__WHAT YOU NEED TO DO__. Exactly as written, print each of the entries.

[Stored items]
::::

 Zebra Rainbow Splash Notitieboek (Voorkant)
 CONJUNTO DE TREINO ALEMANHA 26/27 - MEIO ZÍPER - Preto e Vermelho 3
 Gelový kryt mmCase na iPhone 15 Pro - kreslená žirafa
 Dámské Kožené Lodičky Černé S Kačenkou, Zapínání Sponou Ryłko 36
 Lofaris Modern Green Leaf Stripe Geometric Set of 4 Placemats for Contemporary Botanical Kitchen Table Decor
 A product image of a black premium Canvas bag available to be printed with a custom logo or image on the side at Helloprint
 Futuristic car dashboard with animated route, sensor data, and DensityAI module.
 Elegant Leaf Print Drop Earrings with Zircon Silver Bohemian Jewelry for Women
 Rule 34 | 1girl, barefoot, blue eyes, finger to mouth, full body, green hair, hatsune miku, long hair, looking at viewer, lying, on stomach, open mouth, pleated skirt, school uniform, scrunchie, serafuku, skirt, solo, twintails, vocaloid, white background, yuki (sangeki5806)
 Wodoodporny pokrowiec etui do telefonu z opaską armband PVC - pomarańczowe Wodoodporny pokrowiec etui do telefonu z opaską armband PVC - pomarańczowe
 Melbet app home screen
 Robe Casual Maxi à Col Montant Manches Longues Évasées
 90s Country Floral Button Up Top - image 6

::::

__SOLUTION FOR THIS PROBLEM__.
 Zebra Rainbow Splash Notitieboek (Voorkant)
 CONJUNTO DE TREINO ALEMANHA 26/27 - MEIO ZÍPER - Preto e Vermelho 3
 Gelový kryt mmCase na iPhone 15 Pro - kreslená žirafa
 Dámské Kožené Lodičky Černé S Kačenkou, Zapínání Sponou Ryłko 36
 Lofaris Modern Green Leaf Stripe Geometric Set of 4 Placemats for Contemporary Botanical Kitchen Table Decor
 A product image of a black premium Canvas bag available to be printed with a custom logo or image on the side at Helloprint
 Futuristic car dashboard with animated route, sensor data, and DensityAI module.
 Elegant Leaf Print Drop Earrings with Zircon Silver Bohemian Jewelry for Women
 Rule 34 | 1girl, barefoot, blue eyes, finger to mouth, full body, green hair, hatsune miku, long hair, looking at viewer, lying, on stomach, open mouth, pleated skirt, school uniform, scrunchie, serafuku, skirt, solo, twintails, vocaloid, white background, yuki (sangeki5806)
 Wodoodporny pokrowiec etui do telefonu z opaską armband PVC - pomarańczowe Wodoodporny pokrowiec etui do telefonu z opaską armband PVC - pomarańczowe
 Melbet app home screen
 Robe Casual Maxi à Col Montant Manches Longues Évasées
 90s Country Floral Button Up Top - image 6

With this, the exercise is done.